Broadcast, unknown unicast, or multicast (BUM) traffic is sent only to the CEs in a given broadcast domain; however, the broadcast domains within an EVI either MAY each have their own P-Tunnel or MAY share P-Tunnels -- e.g., all of the broadcast domains in an EVI MAY share a single P-Tunnel. In the case where a single VLAN is represented by a single VID and thus no VID translation is required, an MPLS-encapsulated packet MUST carry that VID. The Ethernet Tag ID in all EVPN routes MUST be set to that VID. The advertising PE MAY advertise the MPLS Label1 in the MAC/IP Advertisement route representing ONLY the EVI or representing both the Ethernet Tag ID and the EVI. This decision is only a local matter by the advertising PE (which is also the disposition PE) and doesn't affect any other PEs.
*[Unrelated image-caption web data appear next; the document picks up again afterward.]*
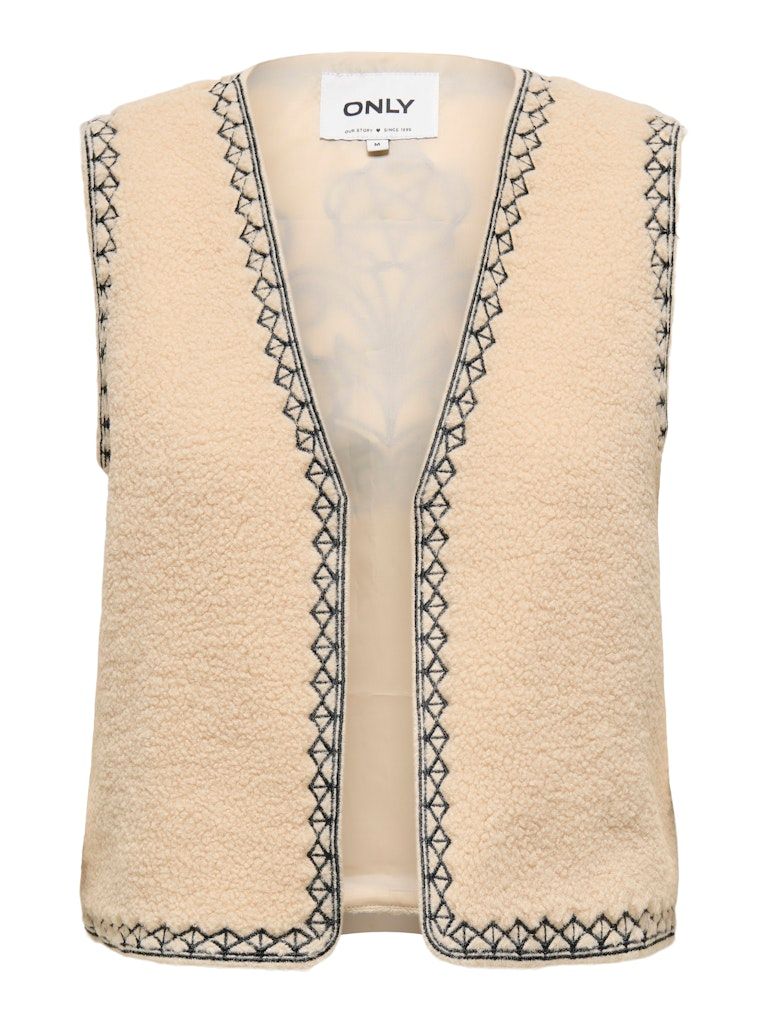 ONLSVEA TEDDY EMB. WAISTCOAT CS OTW Pumice Stone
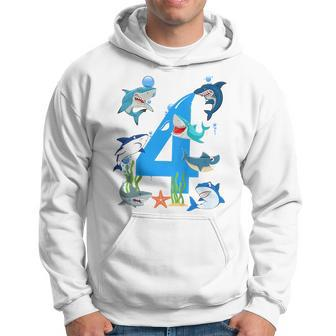 Kids 4 Years Old Shark Ocean-Theme Party 4Th Birthday Boy Hoodie | Mazezy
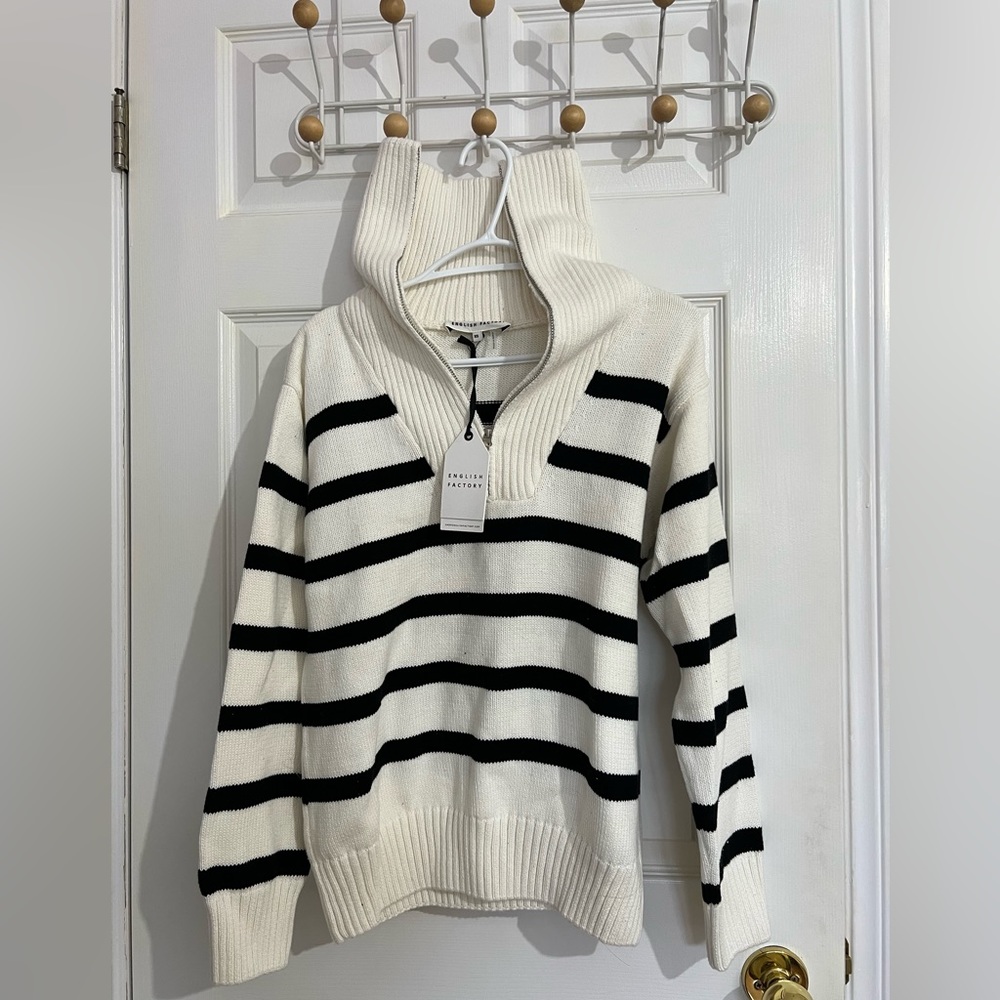 Cotton Striped Knit Pullover Sweater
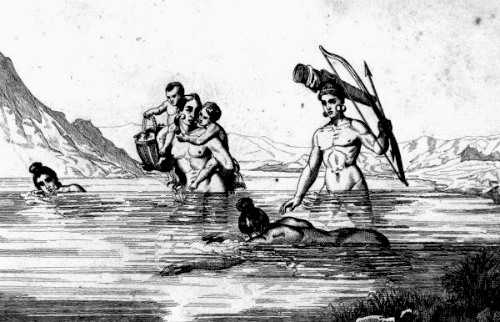 Mujeres Timucua pescando. Dibujo del artista francés Jacques Le Moyne.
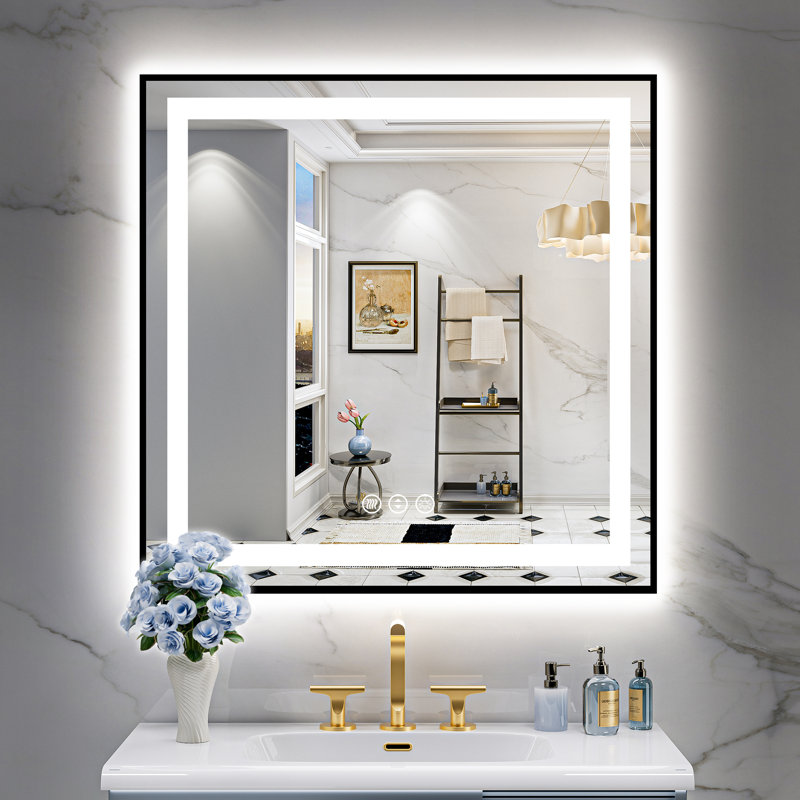 Miroir de salle de bain Matte, Carrée, 36 po x 36 po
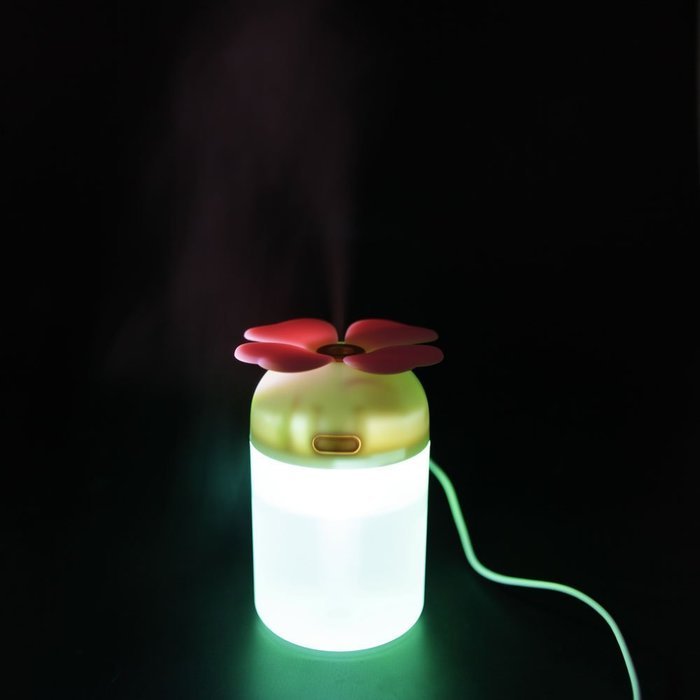 FCH 180mL 2W Dual-purpose Four-leaf Clover Shape Colorful Light Night Lamp Humidifier N7
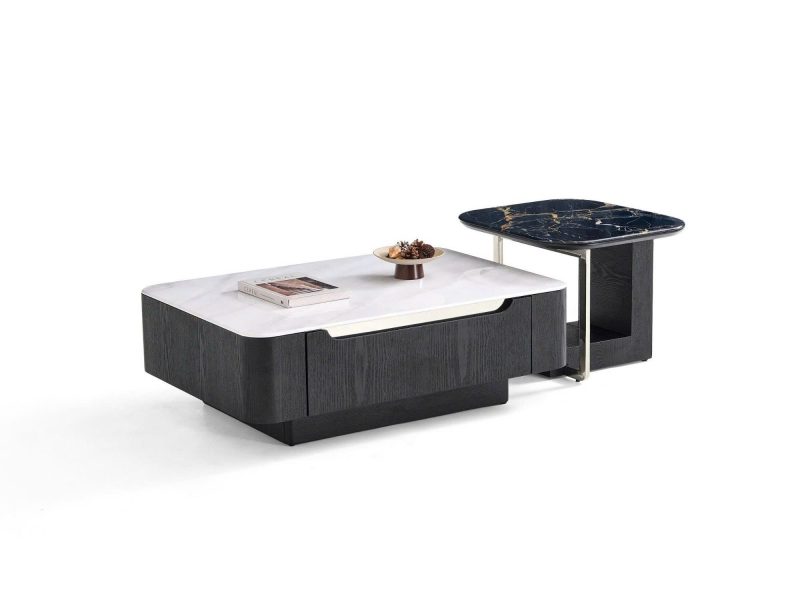 Bàn Trà Đôi Mặt Đá Lịch Lãm Đẳng Cấp BT8630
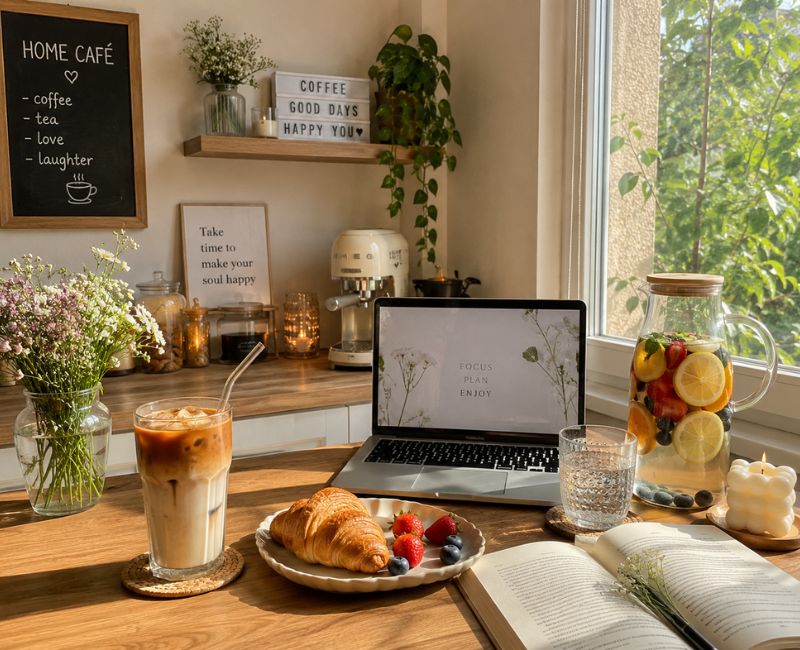 stylish summer home cafe setup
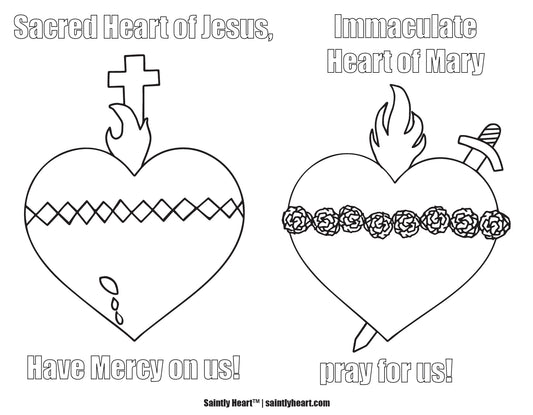 Sacred Heart Of Jesus & Immaculate Heart of Mary Printable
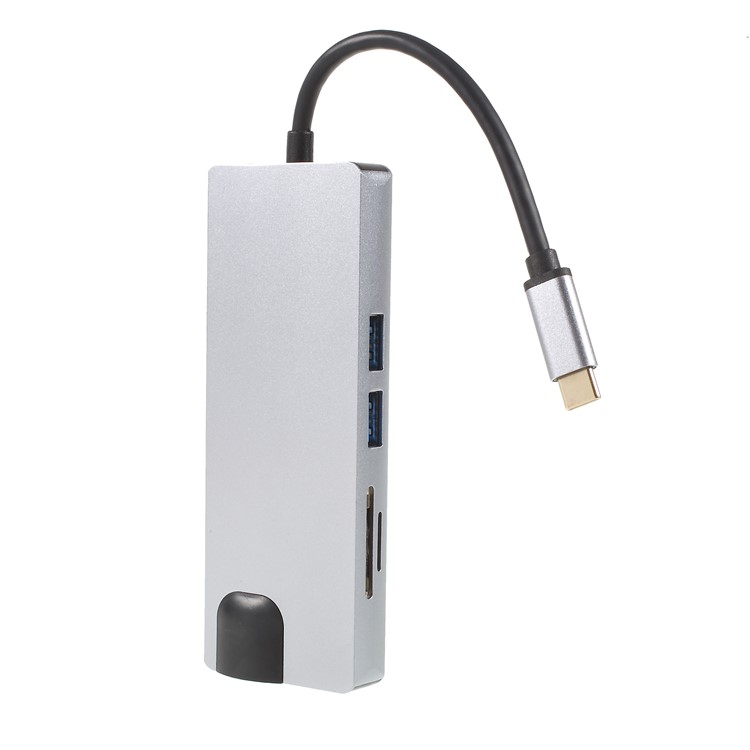 Multi-functional 8-in-1 Type-C Adapter with LAN + Type-C + SD/TF Card + 2 USB 3.0 + HDMI + VGA Ports-5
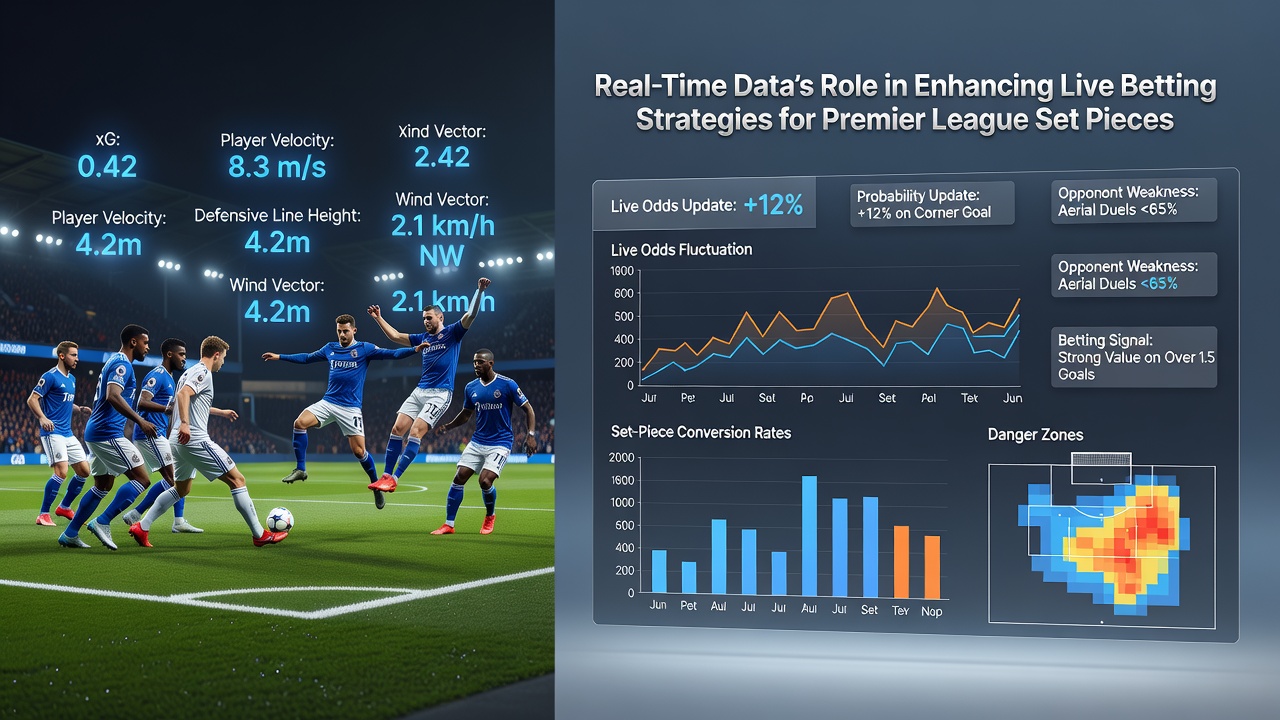 Real-time data visualization showing player positions and set-piece statistics during a Premier League match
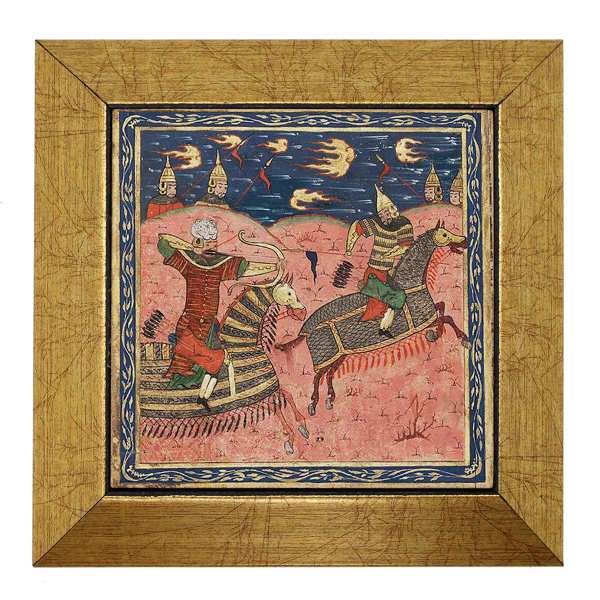 Decorative Persian Framed Tile - Shahnameh Inspired: Horses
In the case where a single VLAN is represented by different VIDs on different CEs and thus VID translation is required, a normalized Ethernet Tag ID (VID) MUST be carried in the EVPN BGP routes. Furthermore, the advertising PE advertises the MPLS Label1 in the MAC/IP Advertisement route representing both the Ethernet Tag ID and the EVI, so that upon receiving an MPLS-encapsulated packet, it can identify the corresponding bridge table from the MPLS EVPN label and perform Ethernet Tag ID translation ONLY at the disposition PE -- i.e., the Ethernet frames transported over the MPLS/IP network MUST remain tagged with the originating VID, and VID translation is performed on the disposition PE. The Ethernet Tag ID in all EVPN routes MUST be set to the normalized Ethernet Tag ID assigned by the EVPN provider.6.3.1. Port-Based VLAN-Aware Service Interface
This service interface is a special case of the VLAN-aware bundle service interface, where all of the VLANs on the port are part of the same service and are mapped to a single bundle but without any VID translation. The procedures are a subset of those described in Section 6.3.